Aber im Wesentlichen wird flüssig und spannend erzählt. Der Höhepunkt neben dem eigentlichen Überfall ist natürlich, wenn sich die Bande anschließend auf einer Farm versteckt hält. Eifersüchteleien und Rivalitäten brechen aus, es bilden sich 3 verschiedene Gruppierungen die einander überhaupt nicht grün sind, und diese spannungsgeladene Stimmung wird sehr anschaulich erzählt. Auch die dritte Folge, in der ein sehr zurückhaltender Siegfried Lowitz seinen Part als Köster gewissermaßen vorab austestet, ist sehr spannend. Warum die Gruppe letzten Endes auffliegt und wie der Prozess verläuft, das ist interessant und mitreissend inszeniert. Der größte Teil der Bande wandert in den Bau, und die Schlusstitel fahren hoch. Nur um gleich wieder runterzufahren und einer Befreiungssaktion seitens der freien Gauner den Weg zu ebnen. Gut gemacht! Dann sind die Gangster wieder draußen, die Schlusstitel fahren hoch – und fahren gleich wieder runter, weil noch eine Befreiungsaktion startet. Toll!!

Die Musik pendelt ein wenig zwischen deutscher Fernsehgemütlichkeit und grooviger Big Band, hat sich aber spätestens nach der zweiten Folge in die Gehirnwindungen eingefräst und kommt da auch so schnell nicht wieder raus. Aufgrund des gigantischen Erfolgs der Serie erschien wohl offensichtlich auch eine Single mit dem Posträuber-Blues! Die schauspielerischen Leistungen sind erstklassig und alle einzeln zu würdigen ist fast unmöglich. Allen voran Horst Tappert und Günther Neutze, bei denen es sehr viel Spaß macht zuzuschauen. Vor allem Günther Neutze kann mit einem Blick Zuschaueremotionen nach Belieben beeinflussen. Grit Böttcher und Kai Fischer als Gaunerliebchen, wobei erstere ja völlig gegen ihr Image besetzt wurde, waren beide eine sehr gute Wahl war. Und dazu viele viele Gesichter, die aus dem Fernsehen der 60er und 70er-Jahre bekannt sind: Karl-Heinz Hess, Hans Cossy (bekannt aus der RAUMPATROUILLE ORION) und ganz viel andere Gesichter dieser Zeit. Explizit erwähnen möchte ich Harry Engel, der wie eine Mischung aus Yves Montand und Ian Curtis aussah, und mir damit sehr gut gefallen hat.

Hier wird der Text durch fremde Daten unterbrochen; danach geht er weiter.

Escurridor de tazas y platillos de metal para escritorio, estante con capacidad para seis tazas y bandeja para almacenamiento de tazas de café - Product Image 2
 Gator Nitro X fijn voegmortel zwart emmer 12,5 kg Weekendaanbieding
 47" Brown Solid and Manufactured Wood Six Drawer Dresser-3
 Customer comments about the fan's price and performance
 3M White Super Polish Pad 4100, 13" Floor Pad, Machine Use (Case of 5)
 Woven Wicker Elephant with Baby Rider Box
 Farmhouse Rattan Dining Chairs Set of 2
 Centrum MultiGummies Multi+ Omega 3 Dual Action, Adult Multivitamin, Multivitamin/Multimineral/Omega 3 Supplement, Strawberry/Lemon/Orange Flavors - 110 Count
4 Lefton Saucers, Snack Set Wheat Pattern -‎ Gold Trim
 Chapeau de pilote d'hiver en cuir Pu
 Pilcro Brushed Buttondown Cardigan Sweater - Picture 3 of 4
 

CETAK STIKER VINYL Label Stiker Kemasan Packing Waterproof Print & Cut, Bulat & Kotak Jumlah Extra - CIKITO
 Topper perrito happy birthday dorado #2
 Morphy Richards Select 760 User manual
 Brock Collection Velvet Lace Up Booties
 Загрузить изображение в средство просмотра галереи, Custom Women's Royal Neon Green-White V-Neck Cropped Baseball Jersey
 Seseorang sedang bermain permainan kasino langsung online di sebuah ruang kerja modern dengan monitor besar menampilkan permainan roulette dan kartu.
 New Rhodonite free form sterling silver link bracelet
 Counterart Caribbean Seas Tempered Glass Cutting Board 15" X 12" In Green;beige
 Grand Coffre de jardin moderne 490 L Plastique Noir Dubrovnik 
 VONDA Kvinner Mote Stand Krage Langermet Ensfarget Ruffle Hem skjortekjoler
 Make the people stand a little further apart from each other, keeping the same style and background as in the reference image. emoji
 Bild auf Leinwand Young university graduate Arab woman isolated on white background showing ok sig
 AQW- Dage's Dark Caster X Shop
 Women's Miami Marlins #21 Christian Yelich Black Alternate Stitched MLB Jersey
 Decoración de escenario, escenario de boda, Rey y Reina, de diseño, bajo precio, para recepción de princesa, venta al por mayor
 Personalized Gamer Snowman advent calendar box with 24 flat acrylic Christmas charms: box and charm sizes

Die Wikipedia spoilert zwar die Handlung leider ein wenig, liefert aber auch einige sehr interessante Informationen in Bezug auf die Dreharbeiten und die Drehorte (wie zum Beispiel, dass die englischen Dreharbeiten mangels Drehgenehmigung meist mit versteckter Kamera ausgeführt wurden!).
Fazit: Ein wirklich spannender und interessanter Ausflug in die 60er Jahre, der trotz (oder wegen?) seiner etwas verstaubten Art locker 7 von 10 Postsäcken erhält. Empfehlenswert für alle Deutsch-Krimi-Fans.